(Data items)

- Opening Delimiter -

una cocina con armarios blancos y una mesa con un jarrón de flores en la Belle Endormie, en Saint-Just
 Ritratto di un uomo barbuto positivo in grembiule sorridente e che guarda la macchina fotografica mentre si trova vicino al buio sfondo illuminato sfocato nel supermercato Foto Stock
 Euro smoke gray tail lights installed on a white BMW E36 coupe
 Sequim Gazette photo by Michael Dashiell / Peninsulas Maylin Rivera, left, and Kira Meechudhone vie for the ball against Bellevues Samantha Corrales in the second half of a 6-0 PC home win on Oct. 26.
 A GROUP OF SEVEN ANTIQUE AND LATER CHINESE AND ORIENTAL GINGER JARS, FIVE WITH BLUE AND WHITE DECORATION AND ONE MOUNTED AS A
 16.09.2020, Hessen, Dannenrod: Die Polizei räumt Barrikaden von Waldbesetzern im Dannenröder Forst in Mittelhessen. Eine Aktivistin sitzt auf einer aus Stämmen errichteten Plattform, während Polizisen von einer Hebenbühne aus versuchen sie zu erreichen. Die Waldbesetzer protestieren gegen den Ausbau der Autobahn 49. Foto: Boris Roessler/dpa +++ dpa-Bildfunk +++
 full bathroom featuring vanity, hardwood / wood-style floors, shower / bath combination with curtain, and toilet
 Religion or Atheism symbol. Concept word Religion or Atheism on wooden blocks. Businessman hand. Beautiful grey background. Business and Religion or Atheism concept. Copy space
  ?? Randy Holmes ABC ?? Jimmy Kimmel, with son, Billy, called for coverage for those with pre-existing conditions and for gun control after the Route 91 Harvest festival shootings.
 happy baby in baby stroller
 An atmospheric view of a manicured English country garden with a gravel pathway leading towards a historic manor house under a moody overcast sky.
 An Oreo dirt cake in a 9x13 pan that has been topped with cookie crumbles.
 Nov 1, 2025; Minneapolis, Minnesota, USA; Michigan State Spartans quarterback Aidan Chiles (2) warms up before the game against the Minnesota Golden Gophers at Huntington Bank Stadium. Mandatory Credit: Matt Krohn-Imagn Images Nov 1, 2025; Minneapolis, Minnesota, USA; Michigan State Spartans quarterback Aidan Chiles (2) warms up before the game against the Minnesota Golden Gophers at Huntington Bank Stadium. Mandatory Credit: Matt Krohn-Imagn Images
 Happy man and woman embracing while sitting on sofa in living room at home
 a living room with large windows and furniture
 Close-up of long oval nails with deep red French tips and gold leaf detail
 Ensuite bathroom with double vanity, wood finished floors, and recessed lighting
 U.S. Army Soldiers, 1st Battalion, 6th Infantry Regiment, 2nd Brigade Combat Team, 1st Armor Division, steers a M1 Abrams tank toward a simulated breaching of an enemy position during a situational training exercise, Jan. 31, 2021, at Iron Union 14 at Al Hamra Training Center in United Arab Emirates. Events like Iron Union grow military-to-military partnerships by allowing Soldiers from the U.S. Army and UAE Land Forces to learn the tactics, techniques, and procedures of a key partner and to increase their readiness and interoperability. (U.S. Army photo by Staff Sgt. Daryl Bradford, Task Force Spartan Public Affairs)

- Closing Delimiter -

> Task details: The count of lines above that contain "home" is all that should be given.

> Response: 2